▶ [EXERCISE]:
The output has to be the full set of records, reproduced exactly, minus any picture.

▶ [RECORDS PROVIDED]:
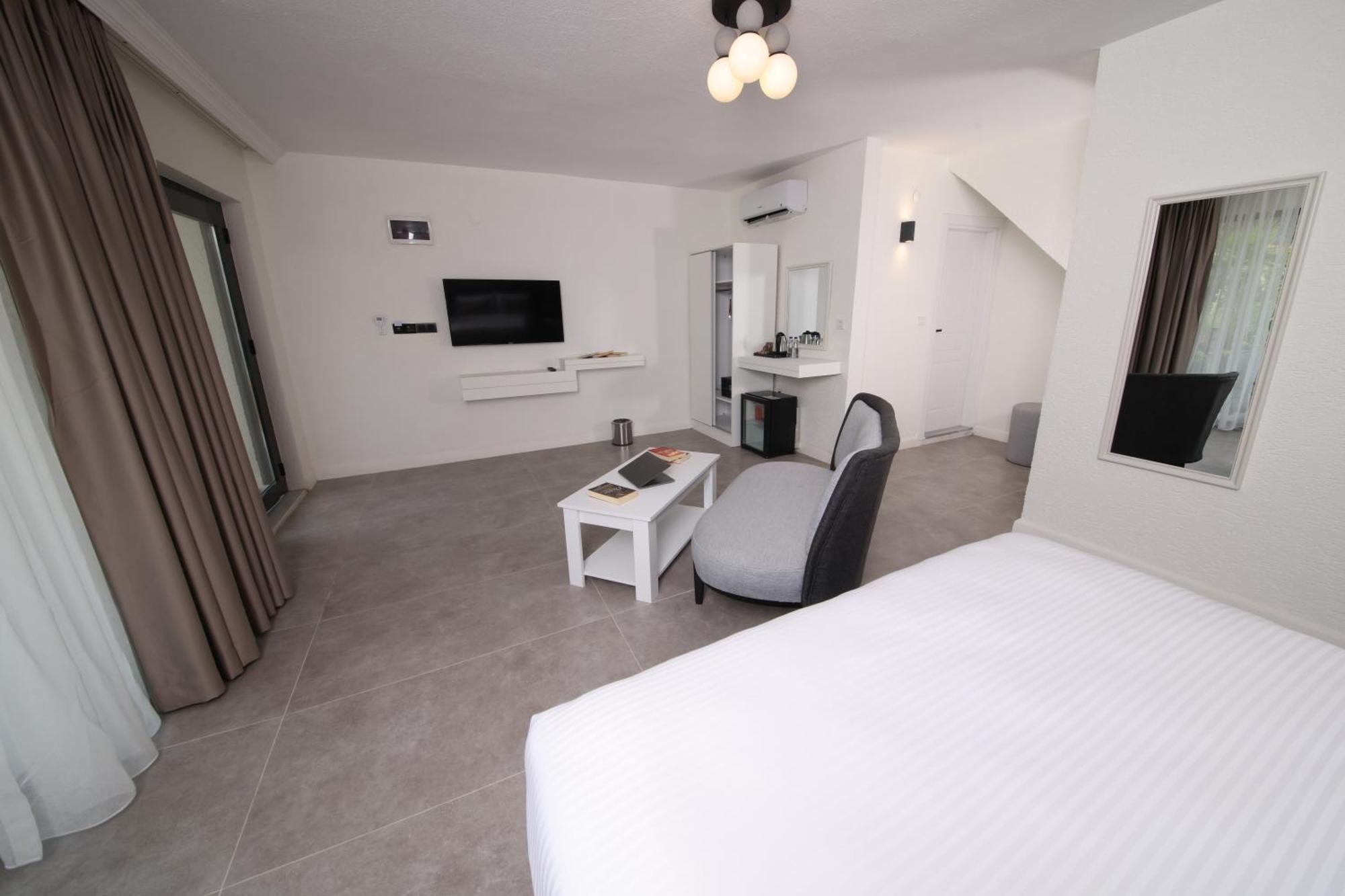 טקירדג Moje More Hotel חדר תמונה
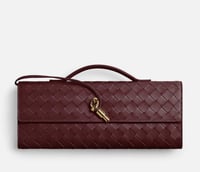 شنطة بوتيغا إنترتشياتو عودي — طراز فاخ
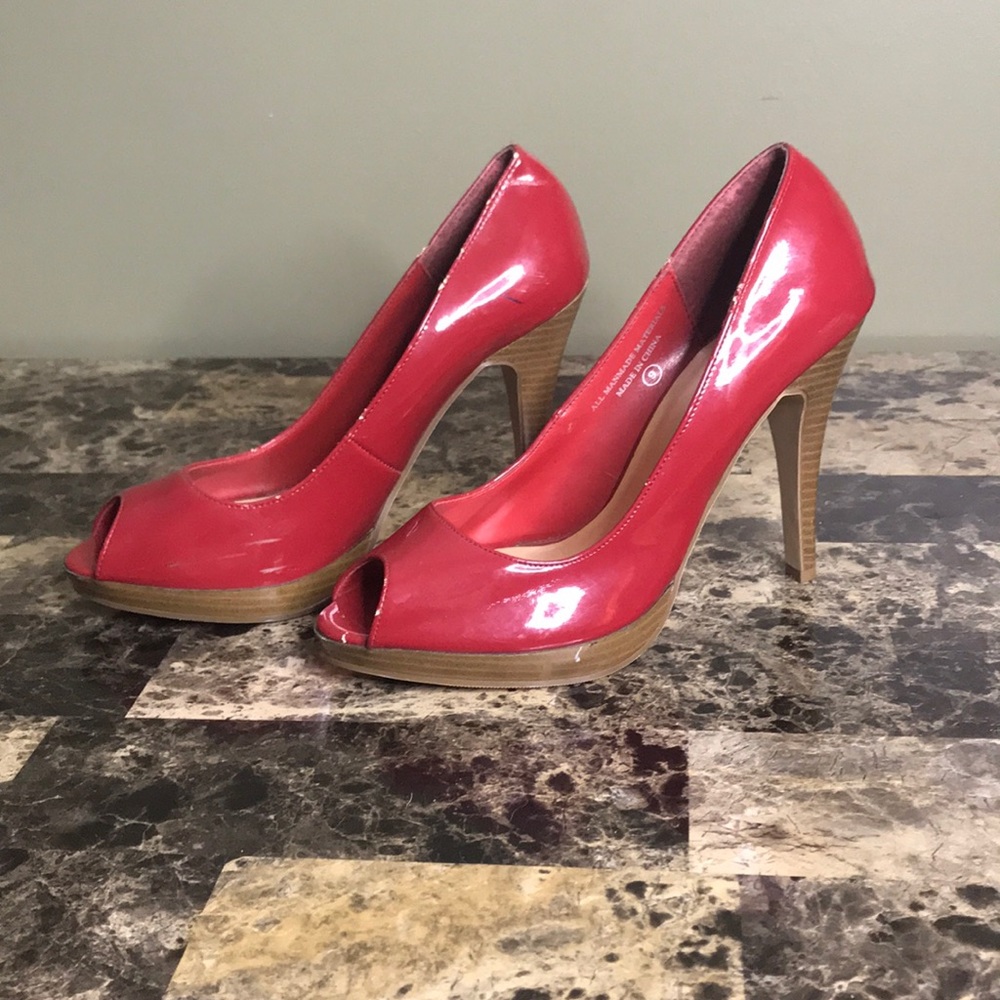 Women’s “delicious” red heel size 9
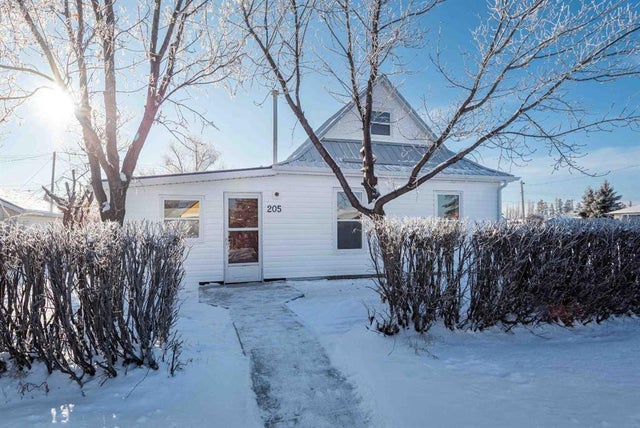 205 Trochu Avenue, Trochu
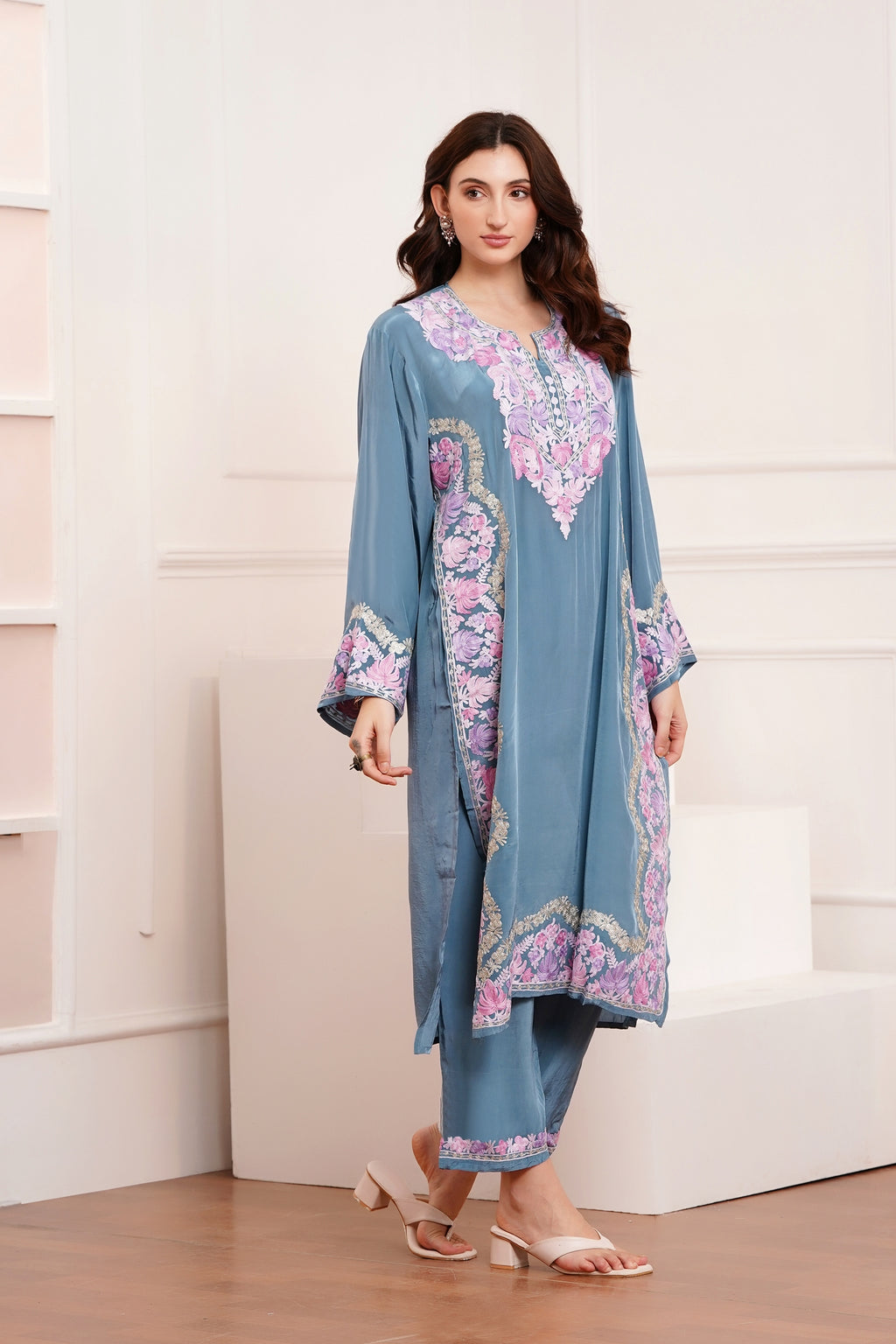 Kashmiri AARI WORK Pure Crepe suit 3pcs - Dusty Sapphire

▶ [TASK ANSWER]:
 טקירדג Moje More Hotel חדר תמונה
 شنطة بوتيغا إنترتشياتو عودي — طراز فاخ
 Women’s “delicious” red heel size 9
 205 Trochu Avenue, Trochu
 Kashmiri AARI WORK Pure Crepe suit 3pcs - Dusty Sapphire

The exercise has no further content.